Adapun perihal kinerja pemerintah di sepanjang 2022, kemungkinan menurun. Ada dua kemungkinan terkait hal ini. Kalau menurun perlahan, maka “legacy” Jokowi-Ma’ruf akan terjaga dengan baik. Kemudian di Pemilu selanjutnya, masyarakat lebih mungkin memilih calon presiden yang sosoknya seperti Jokowi.

Sementara itu, kalau kepuasan turun secara signifikan, Jokowi saat ini harus mempertahankan eksistensinya dan konsolidasi di tengah atmosfer Pemilu 2024. Dengan begitu, pemerintah masih berjalan kondusif.

Terlihat bahwa Prinsip DPR sekarang yaitu “asal cepat, asal jadi. Isi tinggal revisi dan perihal publik, itu urusan nanti.” Kepastian hukum ini jadi lentur, termasuk soal peraturan perundang-undangan (Perpu) baru tentang Pemilu dan UU Ibu Kota Nusantara (IKN).
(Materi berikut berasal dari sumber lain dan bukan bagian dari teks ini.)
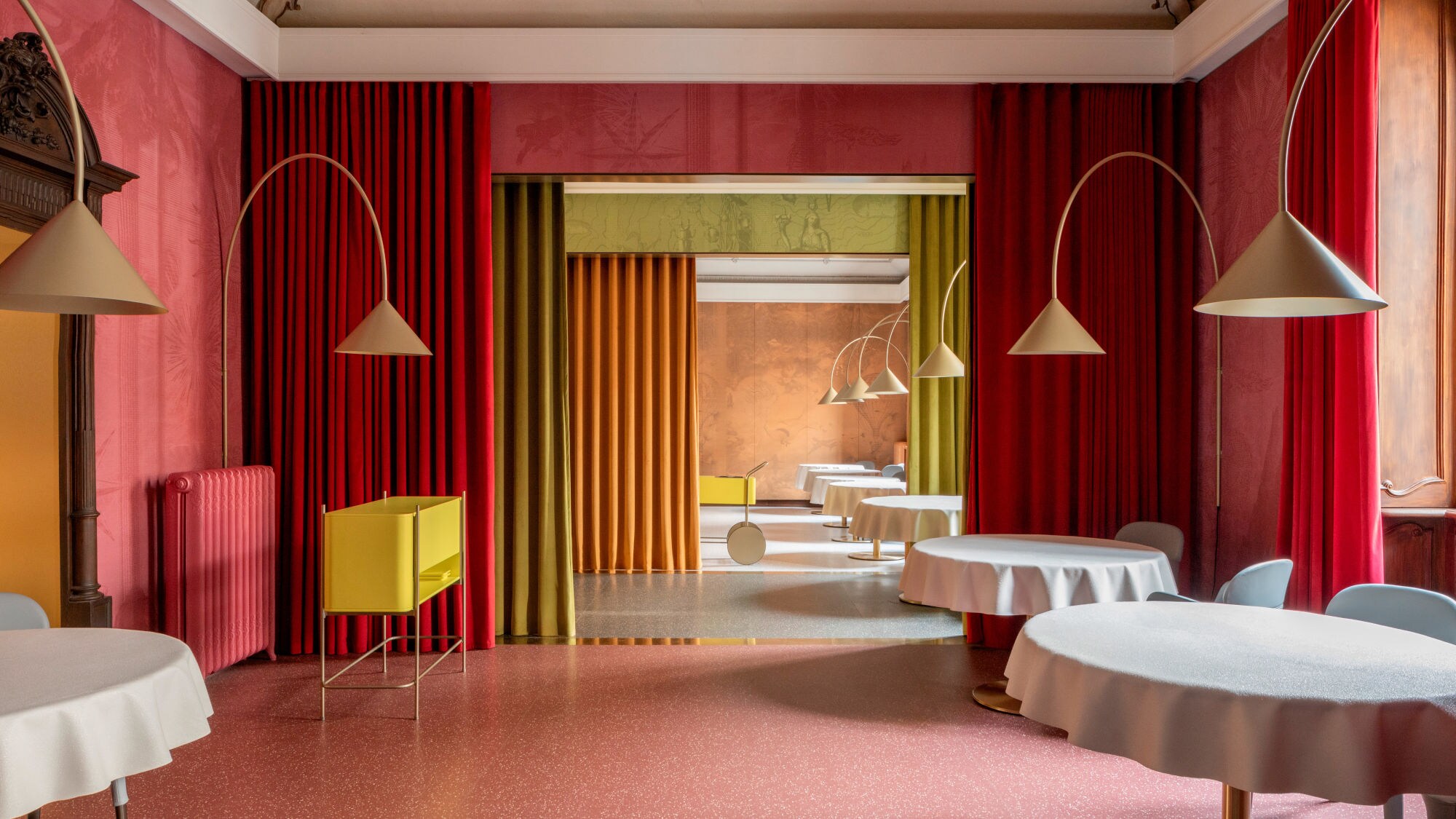 Ein eleganter Innenraum mit runden Tischen, die mit weißen Tischdecken bedeckt sind. An den Wänden hängen rote und grüne Vorhänge. Im Hintergrund sind gelbe und orangefarbene Wände sichtbar. Ein eleganter Innenraum mit runden Tischen, die mit weißen Tischdecken bedeckt sind. An den Wänden hängen rote und grüne Vorhänge. Im Hintergrund sind gelbe und orangefarbene Wände sichtbar.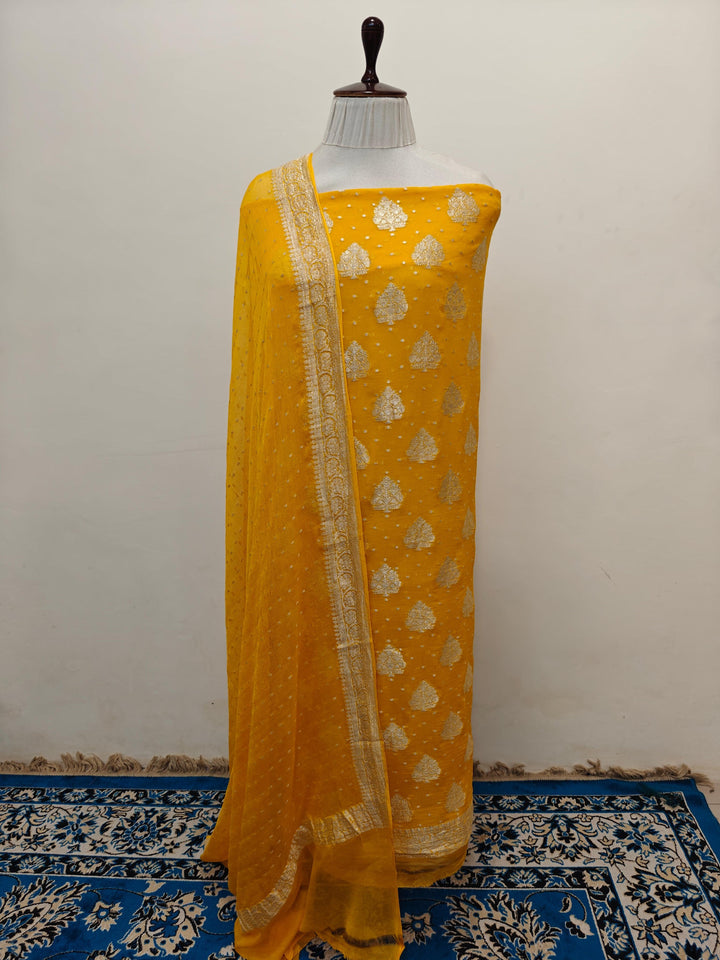 Yellow Banarasi chiffon georgette 2-piece suit with silver zari work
Masih perihal kinerja pemerintah, yang disayangkan adalah peran Dewan Perwakilan Rakyat (DPR) hanya mengakomodasi keinginan pemerintah saja. Sebab kebanyakaan undang-undang (UU) diinisiasi oleh pemerintah, dan ini minim partisipasi publik. Sementara, DPR sekadar pemberi stampel. Terlihat bahwa Prinsip DPR sekarang yaitu “asal cepat, asal jadi. Isi tinggal revisi dan perihal publik, itu urusan nanti.” Kepastian hukum ini jadi lentur, termasuk soal peraturan perundang-undangan (Perpu) baru tentang Pemilu dan UU Ibu Kota Nusantara (IKN).

Berangkat dari itu, dari sisi demokrasi, pemerintah Indonesia tampak semakin sentralistik. Desentralisasi juga meluntur dan ini terlihat dari jalannya Pemilu, di mana keputusan KPU daerah harus berdasarkan keputusan pusat.
Melihat berbagai persoalan itu, pemerintah memang harus berbenah. Adapun pertanyaan perihal reshuffle dan berbagai hal lain terkait pemerintah saat ini akan terjawab paling lambat Maret nanti.
Sembari berbenah, pemerintah harus mempersiapkan Pemilu 2024 yang akan menentukan nasib negara di masa mendatang. Dalam menghadapi Pemilu ini, diperlukan kearifan atau kedewasaan dalam berpolitik termasuk di elit politik, misalnya presiden harus netral dan tak condong memilih calon tertentu.

Perlu diingat juga bahwa polarisasi selama kampanye adalah keniscayaan, namun akan lebih kondusif bila yang diisukan seputar gagasan; bukan SARA. Selain itu, perbedaan pilihan politik harus dihargai.